Anonymity & Data Privacy
My entire life I've had limited privacy due to my unique first name. A Google Search of 'Avolyn' will return mostly me. While I value privacy, I didn't grow up assuming I had privacy. I couldn't create blogs online as a kid without my parents finding them. I once had a guy on the road find my Myspace page because my license plate at 16 years-old read, 'Avolyn' and that was all he needed to find me online (no, my license plate does not currently read my name).
Now that Facebook, GDPR, and shows like YOU on Netflix have brought the topic of Privacy front and center, everyone has growing concerns over their privacy. Most of us are realizing we have limited privacy. Some people have decided to stay off Facebook in an effort to maintain privacy, and as much as I hate to be a bearer of bad news, Facebook is still collecting data on you even if you don't have a Facebook page.
I recently attended the WiDS conference at Stanford and met a woman with an equally unique name and she lamented that her parents had given her a unique name, and that it was essentially as identifying as her social security number. I personally, don't take as much of an issue with that and I'm personally thankful that I'll never be confused with a random serial killer or otherwise notorious person with the same name as me.
Mark Zuckerberg recently published a 3,200-word essay, 'A Privacy-Focused Vision for Social Networking' and provides a shockingly inadequate definition of what he feels privacy means, 'gives people the freedom to be themselves.' With a less than adequate stance on Data Privacy from someone who has a bigger impact on our privacy than most other influences, it all begins to look rather bleak.
Where does this leave us? For many, the obvious answer is anonymity. But do we even have that?
In 2009, Netflix held a competition with a grand prize of $1,000,000 to whoever could improve their recommendation algorithm. In 2010 the competition was closed after researchers found that the data could be traced back to real people. A similar story happened when AOL attempted to release anonymous search history data. Even the 2010 US Censuswas plagued with privacy issues when it was discovered that their old data shielding techniques were not sufficient to protect the identity of individuals.
If you work in a data field, I am sorry to say that most of the work of protecting this data falls on you. It's a scary realization and a responsibility and burden that almost no one wants to bear, but someone has to. We have to take ownership of the task of protecting data if we interact with it on a daily basis.
Since GDPR guidelines were announced, companies have been scrambling to put together sufficient workflows to manage these new regulations. Piwik published this 'Ultimate Guide to Data Anonymization in Analytics' with techniques as well as basic guidelines on which forms of data need to be protected. But unfortunately, statistics prove that even the most vague data sets have vulnerabilities that make personalized data traceable.
A study found that 87% of all Americans can be identified with only three pieces of information: Zip Code, Birthday, and Gender. That's it.

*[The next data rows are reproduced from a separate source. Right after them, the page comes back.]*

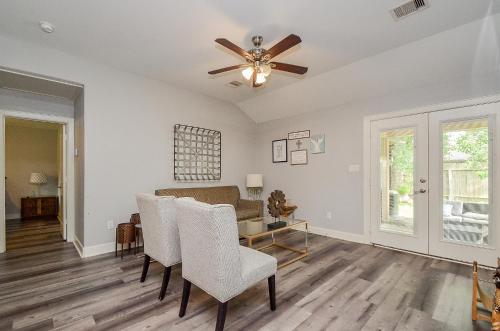 House 3 years old, Close to mall, Restaurants, IAH in Atascocita House 3 years old, Close to mall, Restaurants, IAH in Atascocita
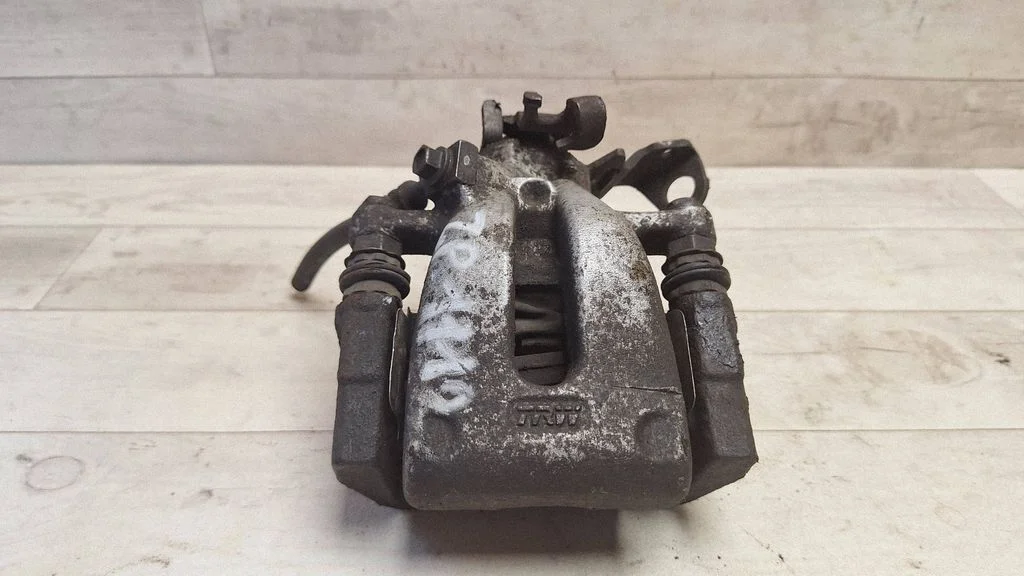 Rear brake caliper – Opel Zafira B (2005-2014)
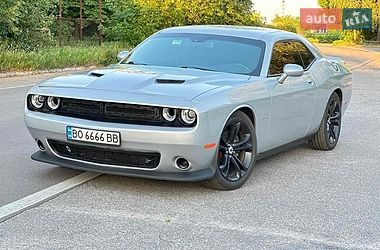 Dodge Challenger  2021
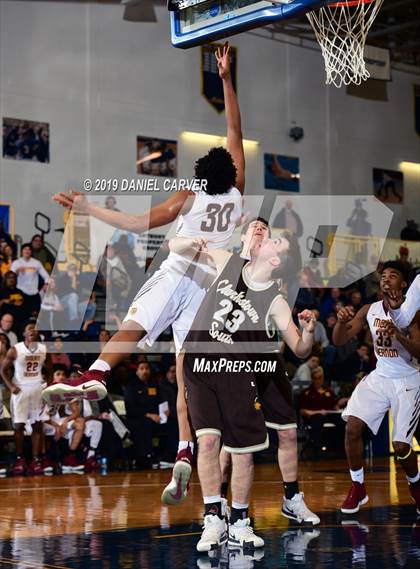 Thumbnail 2 in Mount Vernon vs. Clarkstown South (Section 1 Class AA Final) photogallery.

Of course the goal of me writing this wasn't to leave you in the pits of despair, so I will finish on the note of solutions and the topic of Differential Privacy. In its simplest form, think of Differential Privacy as an algorithm that analyzes a dataset and computes statistics about it (mean, median, variance, mode, etc). The output of this algorithm is then deemed to be private if by looking at the output, one cannot tell whether any given individual's data was included in the original dataset or not.
This groundbreaking work was the result of years of hard work from the following individuals who spent years applying algorithmic ideas to the study of privacy: Dinur and Nissim `03; Dwork and Nissim `04; Blum, Dwork, McSherry, and Nissim `05), culminating with work of Dwork, McSherry, Nissim, and Smith `06 at Harvard.
Looking at the mathematical formulas for a moment, here is the formal definition:
A randomized function K gives ε-differential privacy if for all data sets D and D′ differing on at most one row, and all S ⊆ Range(K)
An attacker or data analyst should therefore not be able to learn any information about any participant that they could not learn if the participant had opted out of the database.
From here we can apply various mechanisms, and mechanism design becomes its own sub-topic within Differential Privacy. With Laplace Mechanism and Exponential Mechanismbeing the two most common forms of mechanisms applied to Differential Privacy.
The Laplace Mechanism adds random noise to our data dependent on the scale of our data, the nature of the query, and the risk to the most different individual of having their private information identified within the data.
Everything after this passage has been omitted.